Le chef roumain est peut-être plus encore à son affaire pour faire ressortir les sortilèges harmoniques des Images (1913) de Debussy, en un festival de couleurs distillées comme un feu d’artifice. L’élan narratif passe au second plan, tant ce geste évite de privilégier la mélodie principale, donnant à l’ensemble un vent de modernité plus décoiffant qu’à l’habitude, notamment pour le tube Iberia. Aucune espagnolade dans cette interprétation, mais plutôt une volonté de surprendre par des phrasés aussi chaloupés que chaleureux. En bis, toute la grâce aérienne de la compositrice Cécile Chaminade s’épanouit dans le gracieux « Pas des écharpes », tiré du ballet Callirhoé (1888).

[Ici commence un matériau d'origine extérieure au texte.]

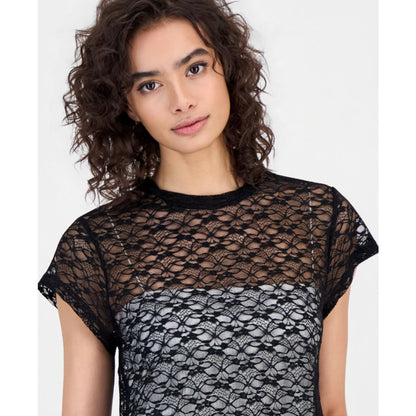 Bar Iii Women's Boxy Lace T-Shirt, Macy's Exclusive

Avant l’entracte, le Concerto pour violon (1879) de Brahms a pu initialement dérouter par sa volonté de fouiller les détails, sans toutefois sacrifier au discours d’ensemble. Il faut certainement arriver à évacuer toute une tradition interprétative germanique, aux élans massifs et tragiques, pour apprécier les variations de tempo et les phrasés mouvants de Măcelaru, tous parcourus d’infimes nuances. Quel plaisir, pourtant, lorsqu’on parvient ainsi à ouvrir ses chakras ! Le Roumain a sa vision et s’y tient tout du long, en ralentissant ostensiblement la mesure dans les passages lents, qui semblent l’intéresser bien davantage (une constante tout au long de la soirée), pour mieux s’emporter dans les verticalités, plus expédiées en comparaison. Julia Fischer (née en 1983) épouse ce geste contrasté et sans pathos par une relance du discours musical toujours intense et engagée, montrant qu’elle n’a rien perdu de son tempérament avec les années. En bis, la violoniste allemande reprend un bis typique de la génération des années 2000 à laquelle elle appartient, en interprétant la Sarabande de la Deuxième Partita de Bach, avant de surprendre davantage en mettant en avant toute l’espièglerie doucereuse du Treizième Caprice de Paganini, en second bis conclusif.